◆ **WHAT YOU HAVE TO DO**
Pictures in the listing below are skipped, while the lines from the "Pool Bridge Patent" line through the "Top in maglia a coste" line are returned word for word.

◆ **INFORMATION SHOWN**
- - - - - - -

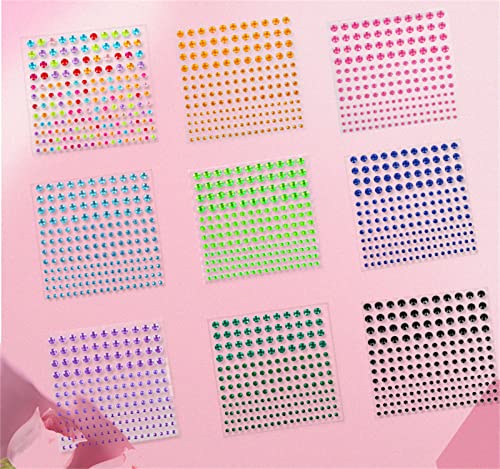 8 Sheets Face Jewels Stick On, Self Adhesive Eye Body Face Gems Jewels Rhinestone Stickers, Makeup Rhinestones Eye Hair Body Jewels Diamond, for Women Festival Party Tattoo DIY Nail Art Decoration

- - - - - - -

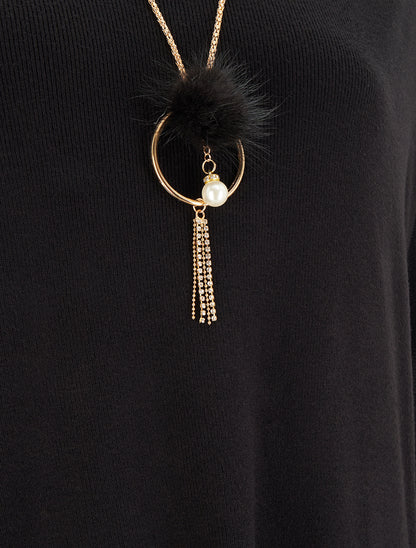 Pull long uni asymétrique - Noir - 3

- - - - - - -

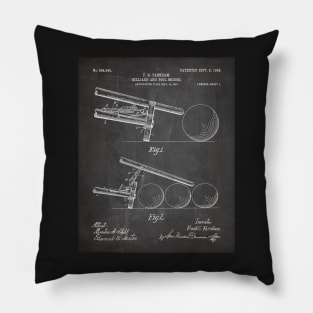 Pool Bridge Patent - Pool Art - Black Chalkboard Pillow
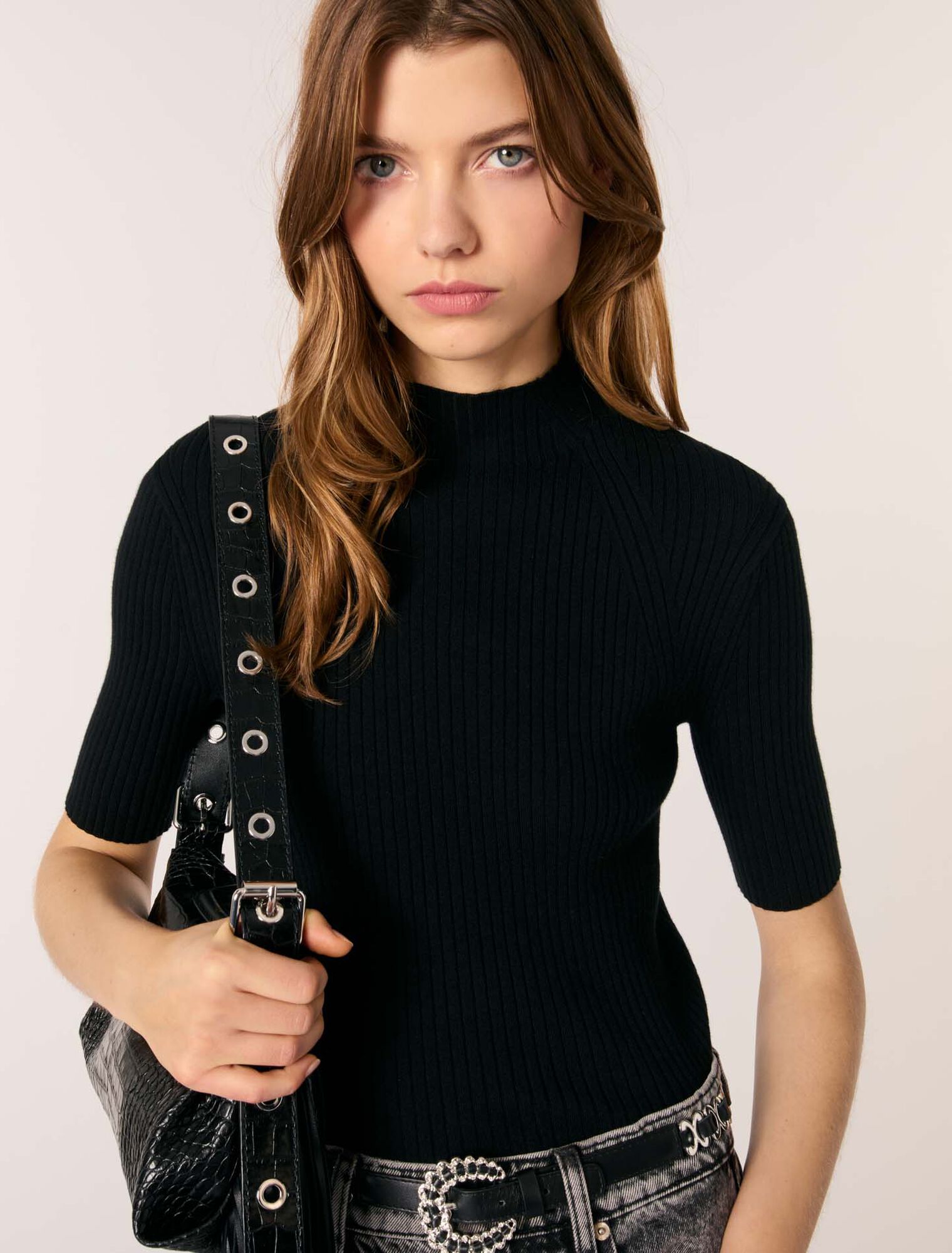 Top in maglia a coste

- - - - - - -

◆ **COMPLETED TASK**
 Pool Bridge Patent - Pool Art - Black Chalkboard Pillow
 Top in maglia a coste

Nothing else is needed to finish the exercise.